Difficult Weather Poses Boron Problems
Growers in this region consistently deal with challenging weather conditions. Boron deficiencies are common, especially in the rainy Pacific Northwest (PNW) and drought-affected areas of California. Because the climate and geography vary greatly, growing conditions and nutrient requirements differ throughout the region.
California’s Central Valley is one of the most productive agricultural areas in the world. The valley's irrigated farmland supports all types of non-tropical crops and is the largest U.S. producer of tomatoes, grapes, and almonds. Napa and Sonoma counties, once the producer of many different crops, are now primarily focused on wine production, although many farmers have planted fruit and nut trees, such as plums and pears, to diversify the local agricultural economy.

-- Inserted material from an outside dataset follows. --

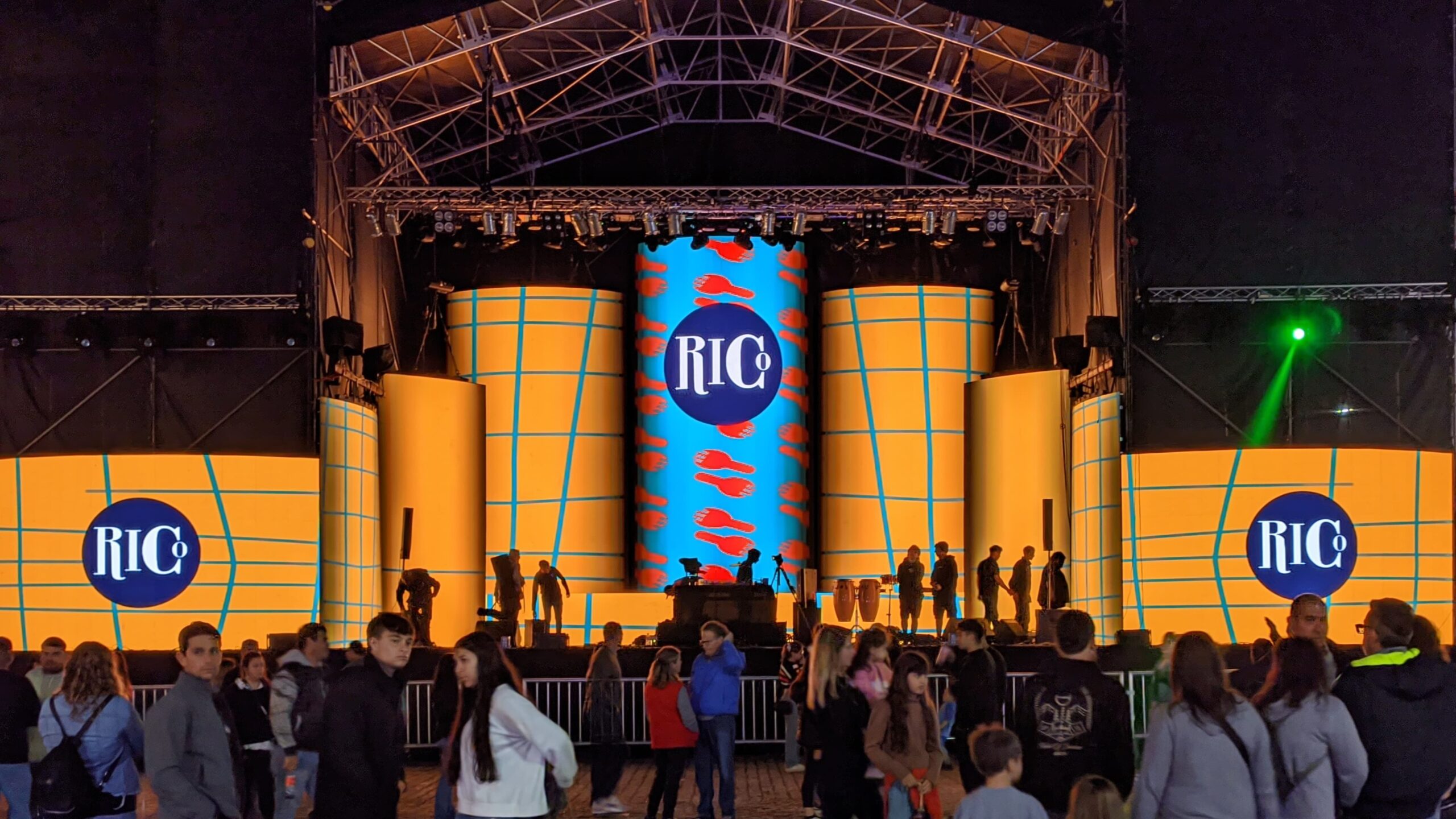 ¿Quiénes son los artistas principales que se presentan en la novena edición de Festival Rico?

The PNW is the wettest part of the United States with scattered rain showers all year round. Temperatures are moderate, making it ideal for fruit trees. Further inland, long winters and a short growing season combined with low relative humidity can prove challenging to farmers. Precipitation can vary a great deal depending on elevation. Irrigated land in several major river valleys makes it possible for farmers to cultivate sugar beets, beans, potatoes, and hay. In the non-irrigated land at higher elevations, the principal crops are hay and small grains, such as wheat, barley, and oats, along with flax, safflower, and alfalfa. Washington and Idaho also have some of the best potato-growing conditions in the US, characterized by warm daytime temperatures and cool nights.